Despite a significant rise in the incidence of cutaneous squamous cell carcinoma (SCC) in recent years, most SCCs are well treatable. However, against the background of pre-existing risk factors such as immunosuppression upon organ transplantation, or conditions such as recessive dystrophic epidermolysis bullosa (RDEB), SCCs arise more frequently and follow a particularly aggressive course. Notably, such SCC types display molecular similarities, despite their differing etiologies. We leveraged the similarities in transcriptomes between tumors from organ transplant recipients and RDEB-patients, augmented with data from more common head and neck (HN)-SCCs, to identify drugs that can be repurposed to treat these SCCs. The in silico approach used is based on the assumption that SCC-derived transcriptome profiles reflect critical tumor pathways that, if reversed towards healthy tissue, will attenuate the malignant phenotype.
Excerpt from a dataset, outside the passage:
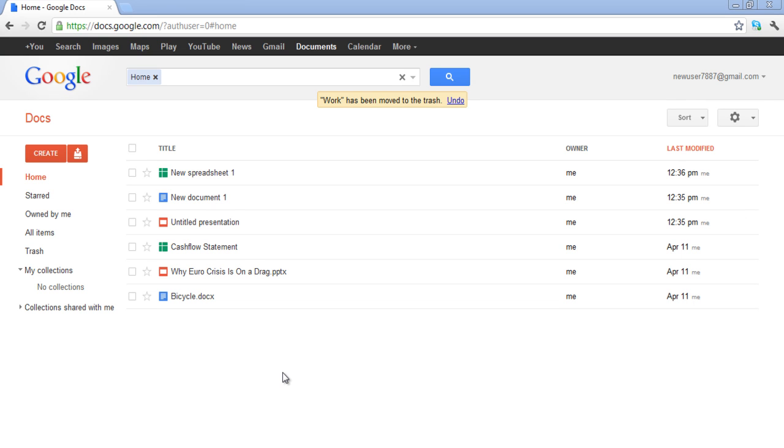In this tutorial, we will teach you how to get organized with folders and labels in Google Docs.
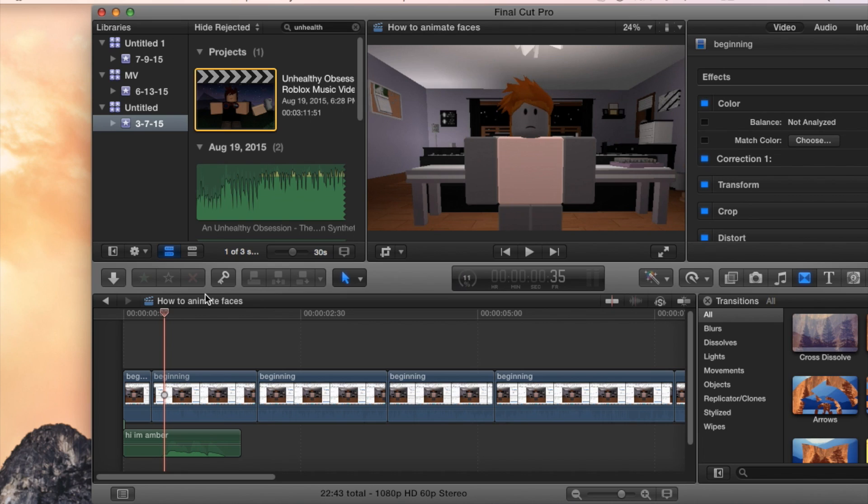So I'm going to do this fast and you guys can just see me how I match all of the faces up with what I'm saying.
We determined tumor-specific signatures based on differentially expressed genes, which were then used to mine drug-perturbation data. By leveraging recent efforts in the systematic profiling and cataloguing of thousands of small molecule compounds, we identified drugs including selumetinib that specifically target key molecules within the MEK signaling cascade, representing candidates with the potential to be effective in the treatment of these rare and aggressive SCCs.